The PDF for $Y$ is
$$f_Y(y) = \begin{cases}
0 & |y|> 1 \\
1-|y| & |y|\leq 1
\end{cases}$$
How do I find the corresponding CDF $F_Y(y)$? I integrated the above piecewise function to get
$$F_Y(y)=\begin{cases}
1/2 -y/2-y^2/2 & [-1,0] \\
1/2-y/2+y^2/2 & [0,1]
\end{cases}
$$
by using the fact that $F_Y(y)=\int _{-\infty}^{y}{f_Y(y)}\,dy$, however my text claims the answer is
$$F_Y(y)=\begin{cases}
1/2 +y+y^2/2 & [-1,0] \\
1/2+y-y^2/2 & [0,1]
\end{cases}
$$
I am struggling with pdf and cdfs, so I asssume I did something wrong other than the simple integration. Who's correct?
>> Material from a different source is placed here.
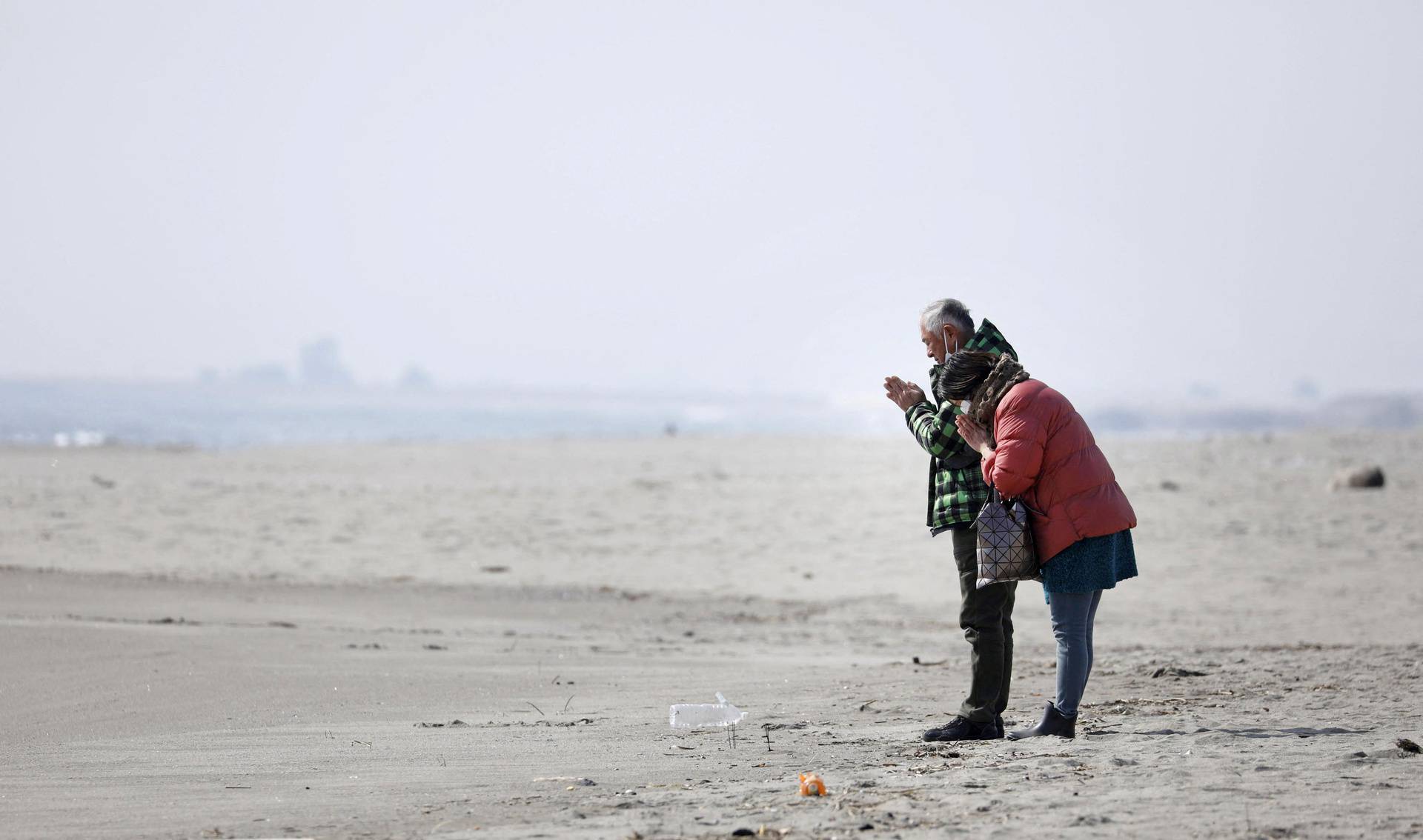 A couple prays on a beach in the Arahama district of Sendai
Me or the Text!?? $:)$
Best Answer
We have that $F(y) = \displaystyle \int_{-\infty}^y f(x) dx$. In your case, we are given that $$f(x) = \begin{cases} 0 & x <-1\\ 1 + x & x \in[-1,0]\\ 1-x & x \in [0,1]\\ 0 & x > 1\end{cases}$$
Hence, $$F(y) = \begin{cases} 0 & y <-1\\ \frac12 + y + \frac{y^2}{2} & y \in[-1,0]\\ \frac12 + y - \frac{y^2}{2} & y \in[0,1]\\ 1 & y > 1\end{cases}$$